• What you are asked to do:
Write out each record exactly and skip every image.

• Entries supplied:

BEGIN

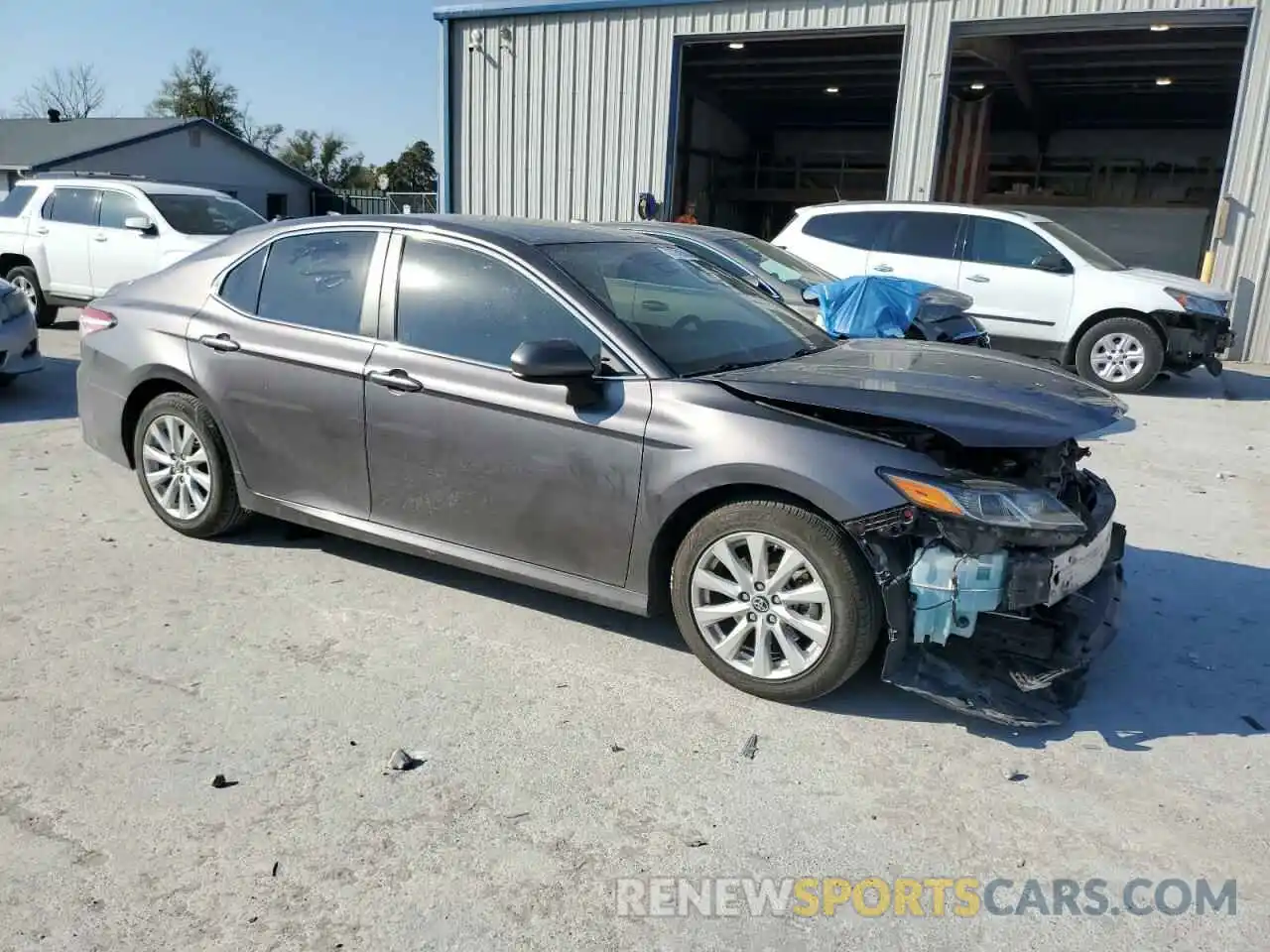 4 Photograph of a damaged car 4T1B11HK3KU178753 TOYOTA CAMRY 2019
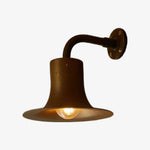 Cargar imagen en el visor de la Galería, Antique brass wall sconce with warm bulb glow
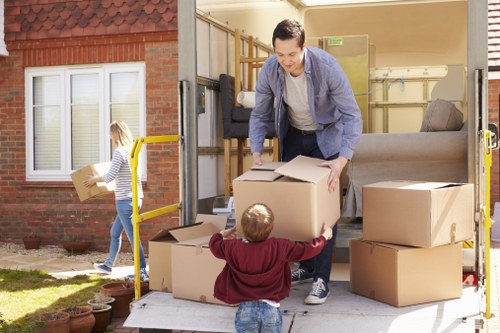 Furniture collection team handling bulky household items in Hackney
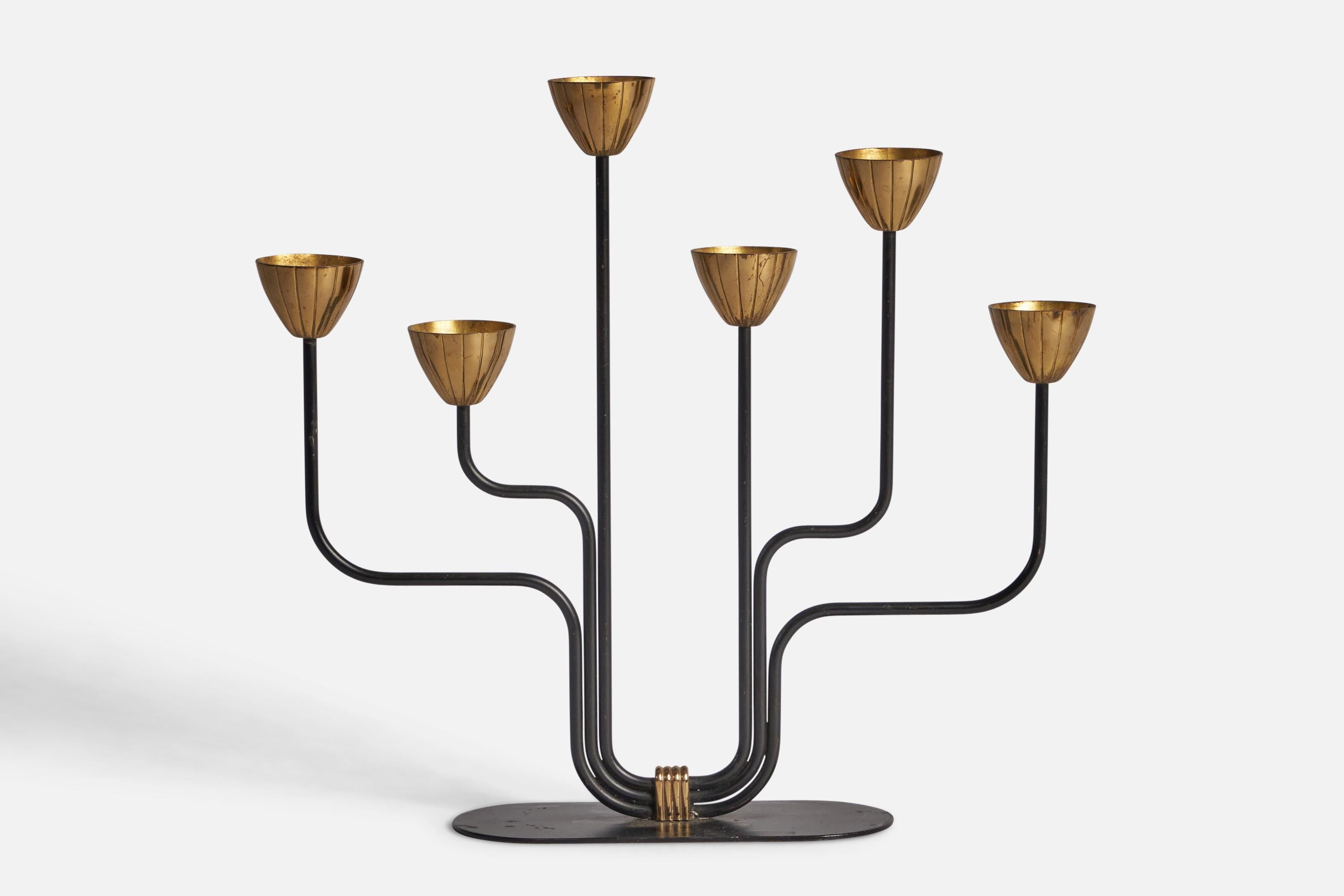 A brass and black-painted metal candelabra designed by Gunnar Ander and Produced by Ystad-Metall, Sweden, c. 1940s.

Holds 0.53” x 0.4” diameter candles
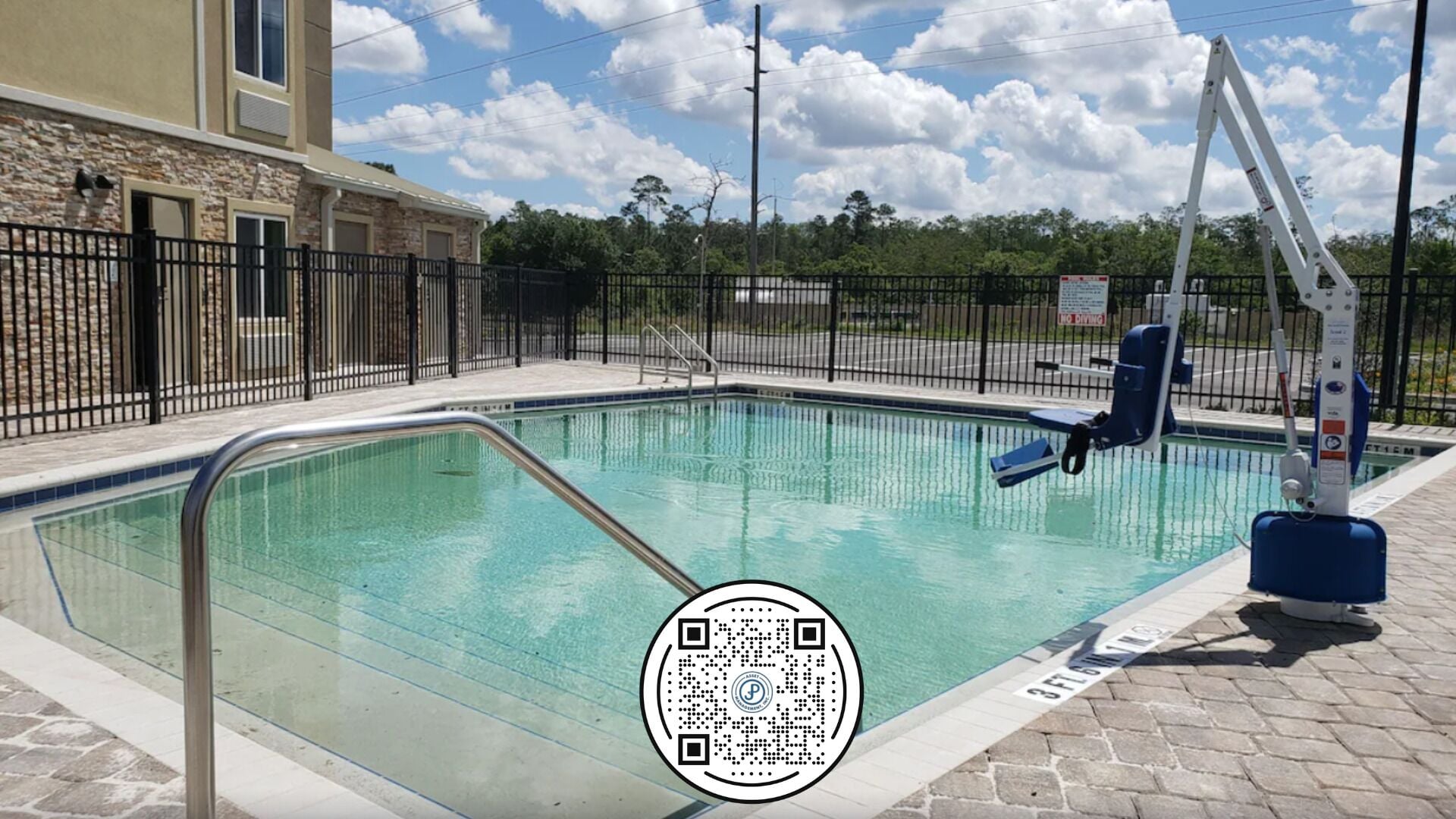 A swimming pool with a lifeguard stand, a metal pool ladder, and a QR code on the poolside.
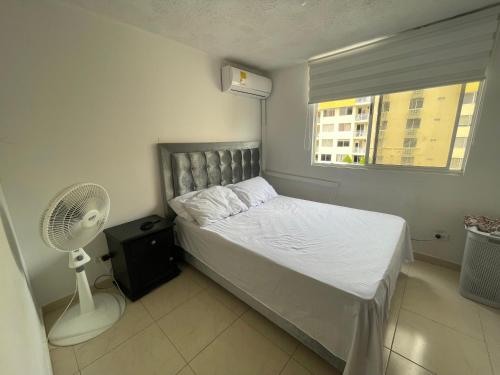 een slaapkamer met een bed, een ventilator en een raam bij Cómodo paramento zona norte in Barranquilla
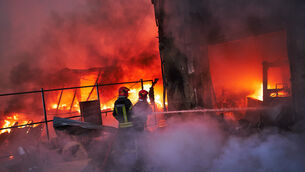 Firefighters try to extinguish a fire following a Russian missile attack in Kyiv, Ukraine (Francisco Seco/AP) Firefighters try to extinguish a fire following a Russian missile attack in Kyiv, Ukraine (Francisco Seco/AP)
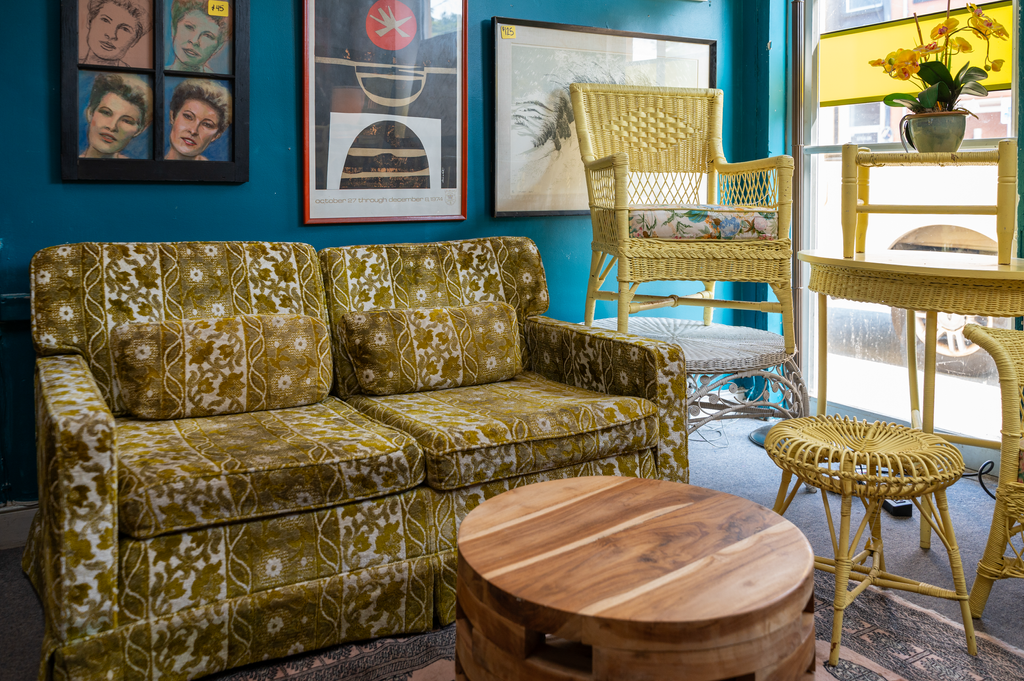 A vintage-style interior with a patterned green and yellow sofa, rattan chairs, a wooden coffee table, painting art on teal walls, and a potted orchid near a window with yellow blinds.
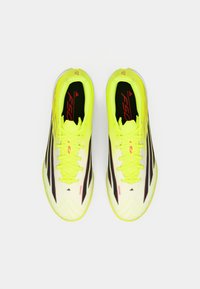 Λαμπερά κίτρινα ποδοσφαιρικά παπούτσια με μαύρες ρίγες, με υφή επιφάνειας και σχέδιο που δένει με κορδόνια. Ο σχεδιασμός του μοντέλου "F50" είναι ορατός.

END

• Task response:
 4 Photograph of a damaged car 4T1B11HK3KU178753 TOYOTA CAMRY 2019
 Cargar imagen en el visor de la Galería, Antique brass wall sconce with warm bulb glow
 Furniture collection team handling bulky household items in Hackney
 A brass and black-painted metal candelabra designed by Gunnar Ander and Produced by Ystad-Metall, Sweden, c. 1940s.

Holds 0.53” x 0.4” diameter candles
 A swimming pool with a lifeguard stand, a metal pool ladder, and a QR code on the poolside.
 een slaapkamer met een bed, een ventilator en een raam bij Cómodo paramento zona norte in Barranquilla
 Firefighters try to extinguish a fire following a Russian missile attack in Kyiv, Ukraine (Francisco Seco/AP) Firefighters try to extinguish a fire following a Russian missile attack in Kyiv, Ukraine (Francisco Seco/AP)
 A vintage-style interior with a patterned green and yellow sofa, rattan chairs, a wooden coffee table, painting art on teal walls, and a potted orchid near a window with yellow blinds.
 Λαμπερά κίτρινα ποδοσφαιρικά παπούτσια με μαύρες ρίγες, με υφή επιφάνειας και σχέδιο που δένει με κορδόνια. Ο σχεδιασμός του μοντέλου "F50" είναι ορατός.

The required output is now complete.